Colonial Pipeline: US recovers most of ransom, justice department says

Spread the love

The US has recovered most of the $4.4m (£3.1m) ransom paid to a cyber-criminal gang responsible for taking the Colonial Pipeline offline last month.

DarkSide – which US authorities said operates from eastern Europe and possibly Russia – infiltrated the pipeline last month.

The attack disrupted supplies for several days causing fuel shortages.

According to the firm, the pipeline carries 45% of the East Coast’s supply of diesel, petrol and jet fuel.

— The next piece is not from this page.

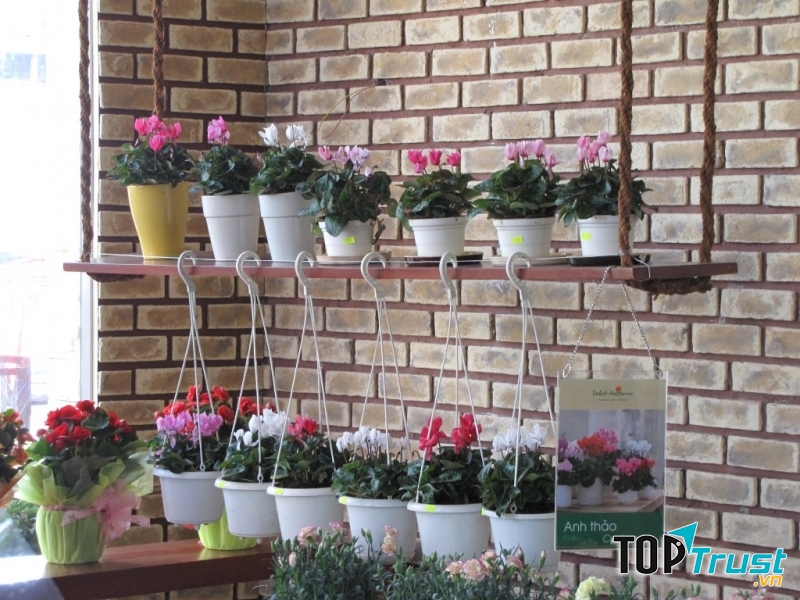 Shop Minh Thư bán rất đa dạng các loại hoa, cả hoa theo bó hoặc trồng trong chậu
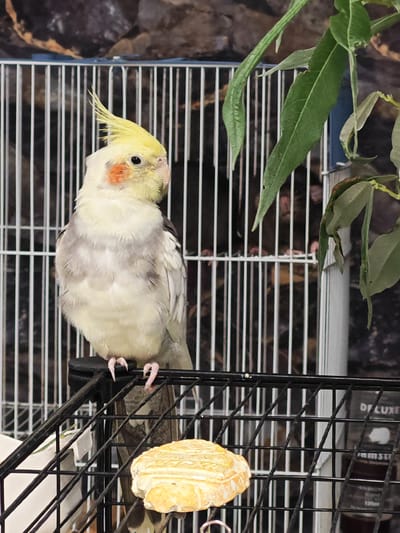 A cockatiel bird with yellow crest and orange cheek patches is perched on the top edge of a black metal cage. The bird's body is predominantly white and gray, with some darker gray feathers on its back. It is facing to the right, with its head turned slightly to the left. In front of the bird, on the cage floor, is a piece of light-colored food with textured markings. The background consists of a white cage with vertical bars, and behind that, a dark, textured surface that appears to be rocks. To the right of the cage, a branch with several green leaves is visible, some of which are drooping. The image quality is moderate, with some graininess. The setting does not provide any specific information to identify its location within the city of Nadym, Russia.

On Monday, deputy attorney general Lisa Monaco said investigators had “found and recaptured” 63.7 Bitcoin worth $2.3m – “the majority” of the ransom paid.

 

The US government has recommended in the past that companies do not pay criminals over ransomware attacks, in case they invite further hacks in the future.

It has since urged companies to increase security measures against ransomware attacks like this. Commerce secretary Gina Raimondo said on Sunday that President Biden would raise the issue of such attacks with Russian leader Vladimir Putin in a meeting planned this month.

Colonial Pipeline took itself offline on Friday 7 May after the cyber-attack.

In return for the cryptocurrency payment, the company received a decryption tool so it could unlock the systems compromised by the hackers – although that was not enough to restart systems immediately, according to the Wall Street Journal.

 

Customers queuing to fill up their cars on 11 May.

 

Joseph Blount, chief executive of the Colonial Pipeline Company, told the newspaper he authorised the payment on 7 May after discussions with experts who had previously dealt with DarkSide.

“I didn’t make [that decision] lightly. I will admit that I wasn’t comfortable seeing money go out the door to people like this,” he told the paper.

“But it was the right thing to do for the country,” he added.

Mr Blount added that it would take months before some other business systems are recovered, and estimated that the attack would ultimately cost the company tens of millions of dollars.

At the time of the hack, the DarkSide criminal gang acknowledged the incident in a public statement.

“Our goal is to make money and not creating problems for society,” DarkSide wrote on its website.

“We do not participate in geopolitics, do not need to tie us with a defined government and look for… our motives,” the group added.